彼女は恥ずかしそうに両手を前にかざして慌てた。
「いえ、違うの。いや、あの、違わないけど。そういうつもりで言ったわけじゃ…。でも貸していただければ非常に助かるといいますか…」
僕はくすっと笑ってしまい、百円玉を手渡した。乾燥機には赤字で200と表示されている。もう百円入れれば回るはずだ。
「ありがと」
彼女はちゃりんと僕の渡した100円を機械にいれた。その瞬間にごうごうと音をたてて乾燥機が回り始める。僕のほうの乾燥機は、あと5分。
「きみもM大生?」
もう一つの方の椅子をひきながら尋ねられた。
「はい、3年です」
さっき慌てていたのが嘘みたいに落ち着いている。
「学部は?」
「経済です」
「お、私も経済学部だよ。4年生、絶賛就活中」
見ればわかるか、とつぶやきながらスマホの画面をつけた。外では雨が止みそうもなく降り続いている。

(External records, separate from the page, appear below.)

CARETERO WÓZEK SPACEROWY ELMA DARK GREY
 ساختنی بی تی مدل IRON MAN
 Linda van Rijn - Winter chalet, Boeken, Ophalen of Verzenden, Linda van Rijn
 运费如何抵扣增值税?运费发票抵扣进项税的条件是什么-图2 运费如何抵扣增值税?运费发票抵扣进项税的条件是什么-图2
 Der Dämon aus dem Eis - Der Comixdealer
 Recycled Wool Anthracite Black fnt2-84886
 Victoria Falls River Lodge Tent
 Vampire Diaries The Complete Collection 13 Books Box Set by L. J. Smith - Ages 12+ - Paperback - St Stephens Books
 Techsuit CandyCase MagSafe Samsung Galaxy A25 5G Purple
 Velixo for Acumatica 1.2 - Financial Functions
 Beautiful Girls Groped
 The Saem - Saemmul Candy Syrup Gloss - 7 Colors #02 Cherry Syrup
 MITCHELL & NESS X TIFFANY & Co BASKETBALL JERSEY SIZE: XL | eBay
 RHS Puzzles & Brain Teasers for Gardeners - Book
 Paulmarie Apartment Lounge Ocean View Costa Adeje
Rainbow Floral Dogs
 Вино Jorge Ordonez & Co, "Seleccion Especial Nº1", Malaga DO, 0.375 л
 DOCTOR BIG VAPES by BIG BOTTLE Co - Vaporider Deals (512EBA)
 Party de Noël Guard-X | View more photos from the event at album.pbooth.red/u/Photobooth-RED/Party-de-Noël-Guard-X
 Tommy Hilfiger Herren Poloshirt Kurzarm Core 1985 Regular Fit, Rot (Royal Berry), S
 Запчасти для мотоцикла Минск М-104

「うわー、明日もずっと降るんだね。私天気予報ぜんぜん見ないからさ。計画的に洗濯できないの」
携帯の画面を眺めながらぼやいている。
「就活もあって大変ですね」
「そうなの、今日も一番遅い時間帯まで面接で。まあたぶん落ちたけど」
そんな僕の言っても言わなくてもいい一言にも彼女は反応してくれた。就活でそういう癖がついているのかもしれない。
「どんなところ受けてるんですか?」
初対面にしてはちょっと聞きすぎだったかなとも思ったが、気になった。1年後自分を就職活動をしなければならない。
「今日は保険会社、明日は地銀と…なんだっけ?」
そういうものなのか、やっぱりいろんなところを受けなければならないんだな、とそれ以上は聞かなかった。
僕の乾燥機の表示はあと2分。
「きみも乾かしてるんだ」
僕の視線の先の乾燥機をみて彼女が言う。
「はい、でも僕の場合家に洗濯機さえもなくて、雨とか関係なしにきてるんですけど。今は雨降ってるからついでに乾燥もしてるって段階です」
僕の下宿している部屋は狭い。風呂とトイレはあるが、洗濯機を設置するスペースはついてなかった。週1.2回ほどの洗濯だし、それほど遠いわけでもないし、とくに気にしたことはない。
むしろ天気が悪ければ乾燥機を使う大義名分ができるから、雨の日の方がこのコインランドリーを利用しがちだ。
「へえ、自分ちで洗濯できなくてめんどくさくないの?」
またか、と思った。自分の家に洗濯機がないことを言うとどうしてもこう聞かれる。2年を超える学生生活を通してしみついてしまった一連の会話の流れに少しだけうんざりする。自分の中で自動的に再生されるようになった説明をしようとすると、彼女は続けた。
「ってめっちゃ聞かれるでしょ?」
携帯をいじりながらの、なんてことない口調だった。
「はい、そりゃもう。100回ぐらい聞かれます」
はは、と彼女が笑う。僕も笑う。100円分くらいの小さな感動を味わえたから、お金は返してもらわなくてもいいか、とも思った。そこでぼくの乾燥が終わった。僕は棚に本を戻して、乾燥機に頭をつっこんで自分の洗濯物をかきだす。
「また、返しに来るよ」
彼女は洗濯物をカゴに入れている僕の背中に向かって言った。
「いつでもいいですよ。就活頑張ってください」
次の雨はいつだろうか、自然とそう思った。